Taxes are for the little people

Article published: Monday, November 10th 2008

Opponents of taxation, like the right-wing Taxpayers Alliance, like to characterise their position as a populist one. They’re representing the “ordinary taxpayer”, the common working man and woman, they insist, against the rapacious state which wants to take what they can least afford.

But in fact it seems Leona Helmsley was right. Leona was the miserly billionaire hotel owner who reportedly told her maid – shortly before being arrested for massive tax evasion – that “only the little people pay taxes”. An incredibly interesting piece of research from an IRS economist and a University of Michigan prof backs her up. In the US, at least, the rich cheat more on their taxes than the poor.

Analysing audits of 45,000 people’s tax returns filed in 2001, they found that people earning between $500,000 and $1 million a year understated their pre-tax incomes by an average of 21%; those earning between $50,000 and $100,000 understated their incomes by just 8%. Lower earners misreported even less. Admittedly, the truly mega-rich (those earning over $2m a year) were a little more honest, misreporting by just 11%. Nonetheless they still cheated substantially more than the average wage slave. And as one of the study’s authors suggests, this apparent propensity of the mega-rich to be slightly more honest than the merely filthy rich may simply be an artifact of the mega-rich cheating in cleverer ways:

“I just don’t know whether these audits were able to track down really sophisticated noncompliance or Swiss bank accounts. They may underestimate it (noncompliance) at the top.”

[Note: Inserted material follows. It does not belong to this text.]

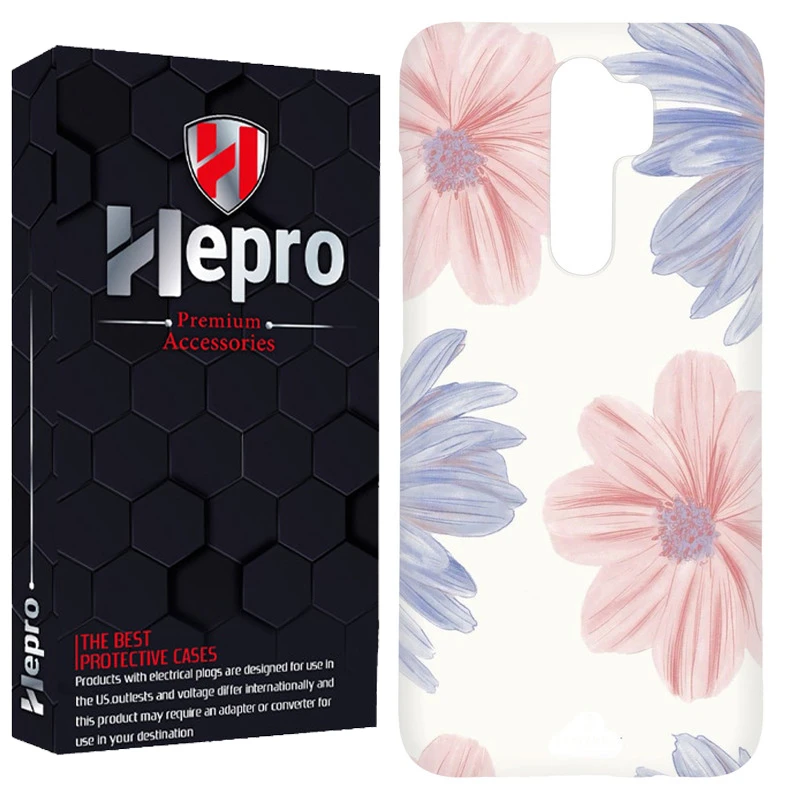کاور هپرو مدل RC مناسب برای گوشی موبایل شیائومی Redmi Note 8 Pro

Before we start rounding up everyone in Threshers wearing a rugby shirt and buying champagne, and lining them up against the wall, we should point out that this correlation between wealth and cheating isn’t entirely due to the rich simply being greedier or more dishonest than the poor. To a large degree, it seems, it’s because their income is easier to cheat on. The researchers found that misreporting correlated strongly with different types of income: wage income was more accurately reported (as you’d expect, since it’s largely reported by people’s employers) than income gained from capital or people’s own businesses (which people have to report themselves). And the richer you are, the more of your income is likely to be derived from capital gains and your own business. In other words, the more likely you are to have to report your income yourself (and the more complicated that income is to calculate), the more likely you are to cheat.

But this isn’t the whole answer:

“the variation in type of income received is the major cause of variation by income groups in net misreporting percentages. But there is some divergence; in particular, the NMPs [net misreporting percentages] of those returns with true income between $75,000 and $1,000,000 are all higher than their income source breakdown would suggest.”

In short – even taking into account how you earn your money – the more you earn, the less you want to pay your taxes; and the harder you work to dodge them.